Associate Professor of Pharmaceutical Sciences, Jozef Stec, PhD, maintains a two-fold mission at Marshall B. Ketchum University’s College of Pharmacy: He wants to help students become independent scholars while he develops new treatments for tuberculosis and other diseases.
This is no small order, but Dr. Stec is known for aiming high in both his teaching and his scientific research. Dr. Stec is a medicinal chemist who is interested in designing and developing new treatments for diseases, particularly T.B., malaria and cystic fibrosis.
“Mankind is basically plagued with a variety of diseases, some are very new, and some are old,” says Dr. Stec. “My dream is to meaningfully contribute to a contemporary global effort in disease prevention and control.”
Dr. Stec says the need for new medicinal treatments is heightened by increasing bacterial resistance to antibiotic treatments, not only for T.B., but other infectious diseases as well.
“Rapidly increasing bacterial resistance is a real global challenge,” he says, adding that it is a problem in developing and well-developed countries.
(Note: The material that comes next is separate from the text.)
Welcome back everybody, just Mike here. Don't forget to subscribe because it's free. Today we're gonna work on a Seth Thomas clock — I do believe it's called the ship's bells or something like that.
Students Join Researcher in the Lab
In addition to teaching medicinal chemistry and biochemistry at MBKU’s College of Pharmacy, Dr. Stec conducts research in the College’s state-of-the-art lab into medicinal treatments for various diseases. Three students assist him in what he calls this “real-world drug discovery project.”
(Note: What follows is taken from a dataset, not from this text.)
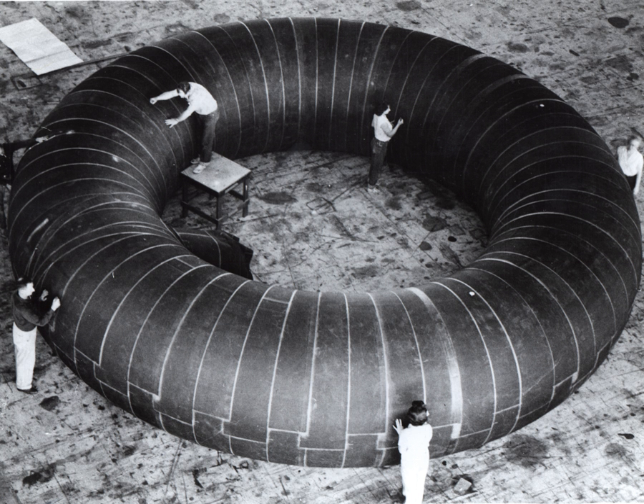The inflatable Bigelow Aerospace modules have an internal core which provides structural support during launch into orbit.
It is important to Dr. Stec that students join him in his research and that he broaden their knowledge in the classroom, because he wants to help mold medical professional leaders for the future. He seeks to do this both in the lab and in the classroom.
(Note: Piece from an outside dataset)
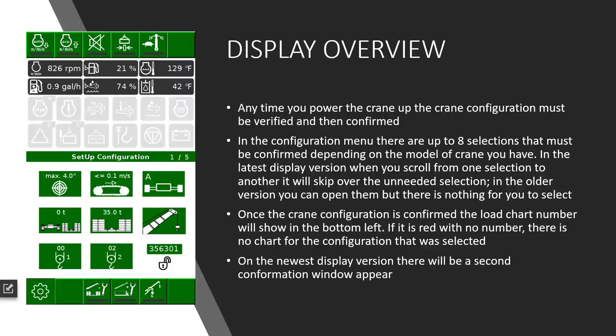On the newest display versions, once you hit set, a secondary confirmation window will appear. It will show you what you have chosen. You hit set and continue forward.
“I aspire to engage students in their learning and knowledge creation process, and professionally mentor them to become future leaders of health care,” says Dr. Stec.
Since joining the College of Pharmacy in 2015, Dr. Stec says he has been inspired by the students, faculty, and MBKU leadership.
“I am really enthralled by the fact that the students are ambitious with bright minds, diverse backgrounds and perspectives,” says Dr. Stec.
From Poland to Southern California
Dr. Stec was born and raised in Poland and earned his bachelor’s and master’s degrees in molecular and pharmaceutical biotechnology at Gdansk University of Technology in Poland. He went on to earn his PhD at the University of Southampton in England and did his postdoctoral fellowship at the University of Illinois in Chicago. He joined the faculty at the College of Pharmacy at Chicago State University after his postdoctoral work.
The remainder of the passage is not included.